Your task> Your copy should contain exactly the lines from the start of the material through the line containing "Zoe Ball pictured", and no pictures.

Recorded information>
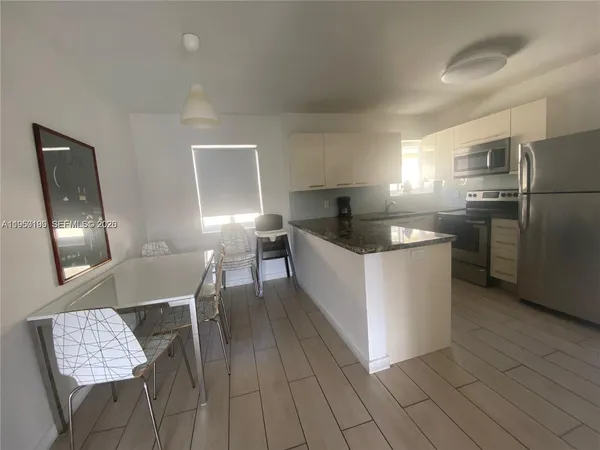 a kitchen with granite countertop a sink a counter space and stainless steel appliances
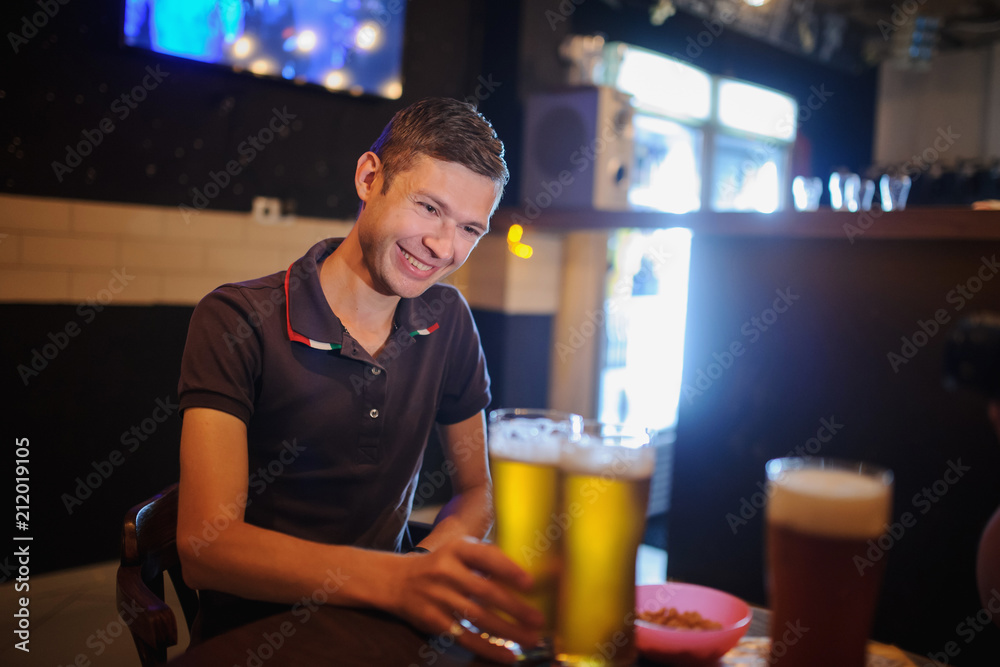 Man in the bar with two beers Man in the bar with two beers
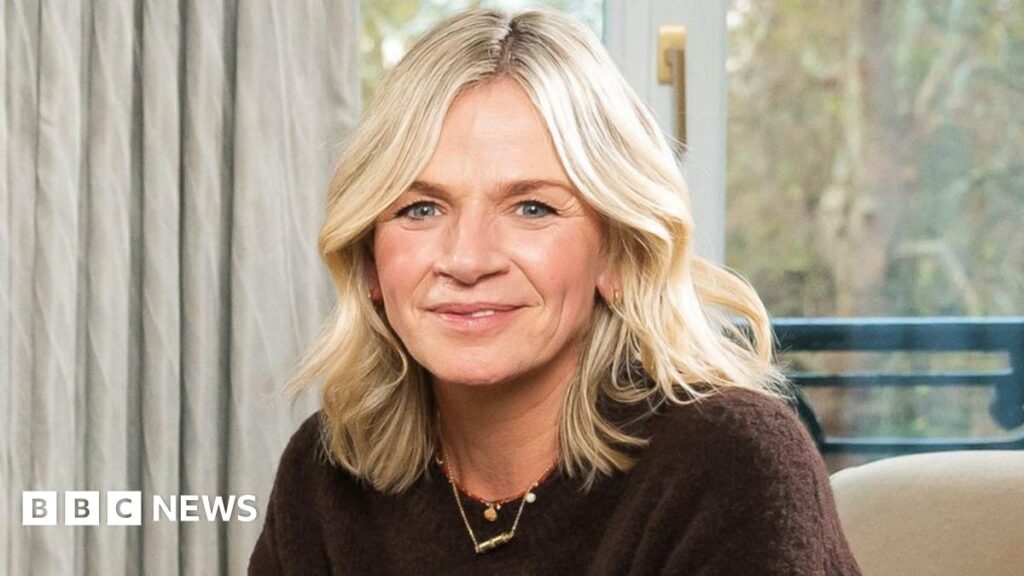 Zoe Ball pictured sitting on an armchair, wearing a brown jumper
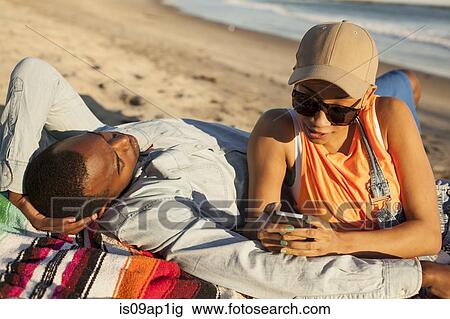 Stock Image - "Young couple lying together on beach, woman looking at smartphone". Fotosearch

Task response>
 a kitchen with granite countertop a sink a counter space and stainless steel appliances
 Man in the bar with two beers Man in the bar with two beers
 Zoe Ball pictured sitting on an armchair, wearing a brown jumper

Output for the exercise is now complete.